Secret Manager Credential Provider

Overview

The Secret Manager can safeguard your sensitive data, such as your API keys, passwords, and certificates. You can use it to manage, access, and audit your secrets across Google Cloud.

When you run a Dataproc Serverless batch workload, you can configure it to use a Secret Manager secret by using the Dataproc Secret Manager Credential Provider.

Availability

This feature is available for Dataproc Serverless for Spark runtime versions 1.2.29+, 2.2.29+, or later major runtime versions.

Terminology

The following table describes terms used in this document.

Term	Description
`Secret`	A Secret Manager secret is a global project object that contains a collection of metadata and secret versions. You can store, manage, and access secrets as binary blobs or text strings.
`Credential`	In Hadoop and other Dataproc workloads, a credential consists of a credential name (ID) and credential value (password). A credential ID and value map to a Secret Manager secret ID and secret value (secret version).

Usage

You can configure supported Hadoop and other OSS components to work with the Secret Manager by setting the following properties when you submit a Dataproc Serverless workload:

Provider path (required): The provider path property, hadoop.security.credential.provider.path, is a comma-separated list of one or more credential provider URIs that is traversed to resolve a credential.
```
--properties=hadoop.security.credential.provider.path=gsm://projects/PROJECT_ID
```
- The scheme in the provider path indicates the credential provider type. Hadoop schemes include jceks://, user://,localjceks://. Use the gsm:// scheme to search for credentials in Secret Manager.
Substitute dot operator (optional): The Secret Manager doesn't support the dot(.) operator in secret names, but OSS component credential keys can contain this operator. When this property is set to true. you can replace dot(.)s with hyphen(-)s in credential names. For example, when this property is set to true, you can specify the credential name a.b.c as a-b-c when passing it to Secret Manager.
```
--properties=hadoop.security.credstore.google-secret-manager.secret-id.substitute-dot-operator=true
```
Secret version (optional): Secrets in Secret Manager can have multiple versions (values). Use this property to access a secret version. By default, Secret Manager accesses the LATEST version, which resolves to the latest value of the secret at runtime. A best practice is to define this property for stable access in production environments. For information on creating a secret, see Create and access a secret using Secret Manager.
```
--properties=hadoop.security.credstore.google-secret-manager.secret-version=1
```

Run a batch workload with Secret Manager Credential Provider

Run the following command locally or in Cloud Shell to submit a batch workload that uses Secret Manager Credential Provider.
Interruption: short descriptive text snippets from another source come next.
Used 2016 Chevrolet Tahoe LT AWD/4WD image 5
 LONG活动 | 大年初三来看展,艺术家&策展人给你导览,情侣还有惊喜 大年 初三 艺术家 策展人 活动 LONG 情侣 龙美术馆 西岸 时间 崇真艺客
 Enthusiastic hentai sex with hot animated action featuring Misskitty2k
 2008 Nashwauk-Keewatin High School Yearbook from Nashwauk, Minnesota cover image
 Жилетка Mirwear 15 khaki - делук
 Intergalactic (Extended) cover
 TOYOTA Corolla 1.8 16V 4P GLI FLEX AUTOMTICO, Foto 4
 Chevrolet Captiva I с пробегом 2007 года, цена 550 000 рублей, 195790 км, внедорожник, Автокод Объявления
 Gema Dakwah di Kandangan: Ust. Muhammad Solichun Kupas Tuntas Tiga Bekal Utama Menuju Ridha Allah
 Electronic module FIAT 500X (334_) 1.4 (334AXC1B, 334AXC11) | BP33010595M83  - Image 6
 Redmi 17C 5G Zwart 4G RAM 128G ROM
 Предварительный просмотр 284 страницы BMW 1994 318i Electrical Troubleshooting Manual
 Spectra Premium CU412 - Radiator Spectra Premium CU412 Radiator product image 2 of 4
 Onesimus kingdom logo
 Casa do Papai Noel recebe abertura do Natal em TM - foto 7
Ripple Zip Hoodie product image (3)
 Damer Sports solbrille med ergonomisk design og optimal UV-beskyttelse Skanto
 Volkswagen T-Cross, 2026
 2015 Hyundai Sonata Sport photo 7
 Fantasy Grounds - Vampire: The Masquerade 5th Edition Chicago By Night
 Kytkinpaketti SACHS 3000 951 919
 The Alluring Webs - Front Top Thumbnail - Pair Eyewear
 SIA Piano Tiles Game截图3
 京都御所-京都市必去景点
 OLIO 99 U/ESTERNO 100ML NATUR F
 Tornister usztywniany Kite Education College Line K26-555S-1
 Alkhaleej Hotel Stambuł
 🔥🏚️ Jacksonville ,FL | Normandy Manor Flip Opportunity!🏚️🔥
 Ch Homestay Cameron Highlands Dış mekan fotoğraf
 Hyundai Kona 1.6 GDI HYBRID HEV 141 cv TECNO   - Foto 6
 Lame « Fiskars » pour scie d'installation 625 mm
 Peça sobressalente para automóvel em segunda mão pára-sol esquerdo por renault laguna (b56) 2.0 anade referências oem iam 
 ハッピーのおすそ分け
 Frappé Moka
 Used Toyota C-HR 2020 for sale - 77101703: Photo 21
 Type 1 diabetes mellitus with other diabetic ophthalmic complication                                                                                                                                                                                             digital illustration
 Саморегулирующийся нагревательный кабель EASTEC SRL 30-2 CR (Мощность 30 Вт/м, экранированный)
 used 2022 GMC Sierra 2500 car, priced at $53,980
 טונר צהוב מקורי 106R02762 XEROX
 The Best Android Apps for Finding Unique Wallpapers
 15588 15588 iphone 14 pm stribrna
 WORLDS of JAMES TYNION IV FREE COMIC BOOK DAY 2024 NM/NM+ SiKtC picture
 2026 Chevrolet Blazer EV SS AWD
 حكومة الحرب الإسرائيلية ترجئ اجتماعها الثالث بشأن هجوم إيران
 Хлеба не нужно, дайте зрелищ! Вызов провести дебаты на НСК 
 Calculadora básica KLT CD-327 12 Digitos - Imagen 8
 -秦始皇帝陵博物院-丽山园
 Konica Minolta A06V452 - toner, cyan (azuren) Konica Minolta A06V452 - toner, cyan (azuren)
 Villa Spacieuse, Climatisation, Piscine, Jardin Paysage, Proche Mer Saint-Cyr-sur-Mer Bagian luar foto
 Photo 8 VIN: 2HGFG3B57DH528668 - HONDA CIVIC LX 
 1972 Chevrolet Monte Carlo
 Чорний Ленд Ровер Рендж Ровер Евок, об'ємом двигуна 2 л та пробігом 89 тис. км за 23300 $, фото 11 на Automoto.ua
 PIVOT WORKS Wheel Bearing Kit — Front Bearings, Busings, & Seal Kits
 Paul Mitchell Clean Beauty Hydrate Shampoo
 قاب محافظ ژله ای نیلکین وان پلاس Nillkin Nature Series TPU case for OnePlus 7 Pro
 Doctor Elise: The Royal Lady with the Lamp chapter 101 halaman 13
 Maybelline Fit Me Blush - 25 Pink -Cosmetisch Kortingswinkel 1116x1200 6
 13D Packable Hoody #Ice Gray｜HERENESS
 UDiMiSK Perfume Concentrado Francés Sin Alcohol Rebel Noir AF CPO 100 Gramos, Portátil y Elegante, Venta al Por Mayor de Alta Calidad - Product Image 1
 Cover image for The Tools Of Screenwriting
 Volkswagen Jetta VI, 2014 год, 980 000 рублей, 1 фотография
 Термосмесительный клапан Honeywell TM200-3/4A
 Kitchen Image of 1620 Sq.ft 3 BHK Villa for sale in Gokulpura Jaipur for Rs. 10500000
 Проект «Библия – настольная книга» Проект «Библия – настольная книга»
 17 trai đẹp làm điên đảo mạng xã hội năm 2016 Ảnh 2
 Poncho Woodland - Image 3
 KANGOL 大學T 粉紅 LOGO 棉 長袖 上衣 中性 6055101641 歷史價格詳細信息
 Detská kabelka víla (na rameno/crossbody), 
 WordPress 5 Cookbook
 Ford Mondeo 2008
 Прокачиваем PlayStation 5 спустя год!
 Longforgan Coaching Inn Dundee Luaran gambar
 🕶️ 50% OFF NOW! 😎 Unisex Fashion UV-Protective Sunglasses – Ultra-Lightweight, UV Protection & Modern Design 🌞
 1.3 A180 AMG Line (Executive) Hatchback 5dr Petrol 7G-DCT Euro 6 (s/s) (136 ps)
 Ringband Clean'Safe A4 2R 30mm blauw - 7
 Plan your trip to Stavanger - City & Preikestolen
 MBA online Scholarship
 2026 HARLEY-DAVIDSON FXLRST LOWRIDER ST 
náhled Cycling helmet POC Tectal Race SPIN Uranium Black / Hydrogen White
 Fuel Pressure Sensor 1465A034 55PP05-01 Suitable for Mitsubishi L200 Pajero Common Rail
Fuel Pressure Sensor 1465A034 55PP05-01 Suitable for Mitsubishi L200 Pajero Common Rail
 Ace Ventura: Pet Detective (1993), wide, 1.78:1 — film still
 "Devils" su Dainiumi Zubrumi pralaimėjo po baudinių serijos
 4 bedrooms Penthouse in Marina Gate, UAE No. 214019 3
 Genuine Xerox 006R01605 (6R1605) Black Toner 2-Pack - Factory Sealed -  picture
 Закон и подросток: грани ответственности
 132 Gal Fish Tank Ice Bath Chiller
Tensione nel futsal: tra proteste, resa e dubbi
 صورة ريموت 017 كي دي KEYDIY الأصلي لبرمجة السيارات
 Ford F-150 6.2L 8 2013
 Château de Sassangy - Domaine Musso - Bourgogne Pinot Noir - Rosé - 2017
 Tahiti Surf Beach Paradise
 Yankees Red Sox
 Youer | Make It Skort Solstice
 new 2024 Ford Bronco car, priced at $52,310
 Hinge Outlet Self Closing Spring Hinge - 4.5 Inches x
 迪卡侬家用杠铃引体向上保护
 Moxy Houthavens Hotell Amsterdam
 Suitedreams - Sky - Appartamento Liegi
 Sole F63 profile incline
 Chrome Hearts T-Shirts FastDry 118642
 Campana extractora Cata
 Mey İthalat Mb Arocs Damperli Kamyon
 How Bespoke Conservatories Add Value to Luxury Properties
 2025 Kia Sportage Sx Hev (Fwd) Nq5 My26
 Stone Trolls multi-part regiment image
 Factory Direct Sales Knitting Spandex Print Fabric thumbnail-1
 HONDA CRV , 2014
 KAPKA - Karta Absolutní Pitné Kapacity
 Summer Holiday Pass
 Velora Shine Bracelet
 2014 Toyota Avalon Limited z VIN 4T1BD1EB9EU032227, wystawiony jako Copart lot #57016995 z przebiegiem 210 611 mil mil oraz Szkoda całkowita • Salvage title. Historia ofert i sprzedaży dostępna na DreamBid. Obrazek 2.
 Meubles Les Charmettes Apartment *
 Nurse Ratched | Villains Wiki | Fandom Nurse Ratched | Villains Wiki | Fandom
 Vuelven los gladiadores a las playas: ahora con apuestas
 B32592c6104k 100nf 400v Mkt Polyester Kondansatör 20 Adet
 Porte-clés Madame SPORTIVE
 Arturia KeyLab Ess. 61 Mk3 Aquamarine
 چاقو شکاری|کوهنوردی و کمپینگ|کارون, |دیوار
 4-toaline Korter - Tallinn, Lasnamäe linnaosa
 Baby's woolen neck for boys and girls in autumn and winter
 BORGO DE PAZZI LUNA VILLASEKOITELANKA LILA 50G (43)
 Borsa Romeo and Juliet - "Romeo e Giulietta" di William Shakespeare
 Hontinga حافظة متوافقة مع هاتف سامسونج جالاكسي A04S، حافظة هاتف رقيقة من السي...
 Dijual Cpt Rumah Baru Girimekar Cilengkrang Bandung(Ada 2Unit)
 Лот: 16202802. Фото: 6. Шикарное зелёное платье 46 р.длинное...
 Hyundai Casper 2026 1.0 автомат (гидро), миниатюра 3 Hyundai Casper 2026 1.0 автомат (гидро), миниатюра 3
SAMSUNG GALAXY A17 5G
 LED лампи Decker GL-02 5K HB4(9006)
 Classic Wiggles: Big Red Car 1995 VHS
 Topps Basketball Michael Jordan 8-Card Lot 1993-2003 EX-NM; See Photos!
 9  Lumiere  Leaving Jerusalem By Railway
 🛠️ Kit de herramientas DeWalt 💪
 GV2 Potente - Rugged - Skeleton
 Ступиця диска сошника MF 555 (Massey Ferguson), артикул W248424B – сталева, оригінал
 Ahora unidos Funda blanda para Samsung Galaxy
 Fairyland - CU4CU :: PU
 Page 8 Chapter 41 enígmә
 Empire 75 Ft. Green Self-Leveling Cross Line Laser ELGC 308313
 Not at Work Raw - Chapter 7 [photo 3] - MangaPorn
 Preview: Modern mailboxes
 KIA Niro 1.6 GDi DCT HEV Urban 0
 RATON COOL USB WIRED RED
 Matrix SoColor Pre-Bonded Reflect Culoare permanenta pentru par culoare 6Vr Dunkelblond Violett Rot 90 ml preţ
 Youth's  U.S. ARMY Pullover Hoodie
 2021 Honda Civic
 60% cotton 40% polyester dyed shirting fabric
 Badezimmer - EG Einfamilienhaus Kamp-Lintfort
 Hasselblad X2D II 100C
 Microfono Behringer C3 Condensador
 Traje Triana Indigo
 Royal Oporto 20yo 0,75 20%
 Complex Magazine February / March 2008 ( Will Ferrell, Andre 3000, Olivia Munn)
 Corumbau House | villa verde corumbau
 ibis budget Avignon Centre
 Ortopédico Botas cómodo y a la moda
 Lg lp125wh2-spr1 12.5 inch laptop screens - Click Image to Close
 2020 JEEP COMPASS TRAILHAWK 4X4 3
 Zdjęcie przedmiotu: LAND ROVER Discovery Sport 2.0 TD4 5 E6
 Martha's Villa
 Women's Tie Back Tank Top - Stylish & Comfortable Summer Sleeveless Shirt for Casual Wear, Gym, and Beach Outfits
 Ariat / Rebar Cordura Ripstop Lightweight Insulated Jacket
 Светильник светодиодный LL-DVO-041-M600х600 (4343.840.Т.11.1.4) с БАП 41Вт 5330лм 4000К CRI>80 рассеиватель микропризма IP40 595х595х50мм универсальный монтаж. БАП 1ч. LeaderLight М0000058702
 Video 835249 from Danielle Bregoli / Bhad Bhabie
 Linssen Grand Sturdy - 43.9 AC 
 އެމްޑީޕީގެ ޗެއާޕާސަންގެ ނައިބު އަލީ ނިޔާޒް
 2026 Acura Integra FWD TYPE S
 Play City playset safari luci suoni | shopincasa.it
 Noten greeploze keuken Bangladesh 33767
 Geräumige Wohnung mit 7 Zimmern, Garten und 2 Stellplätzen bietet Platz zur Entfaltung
gcloud dataproc batches submit spark \
    --region=REGION \
    --jars=JARS \
    --class=MAIN_CLASS \
    --properties="spark.hive.hadoop.security.credential.provider.path=gsm://projects/PROJECT_ID,spark.hive.hadoop.security.credstore.google-secret-manager.secret-id.substitute-dot-operator=true" \
    ...other flags as needed...

Notes:

REGION: A Compute Engine region where your workload will run.
JARS: Workload jar path.
MAIN_CLASS: Jar main class.
PROJECT_ID: Your project ID is listed in the Project info section of the Google Cloud console dashboard.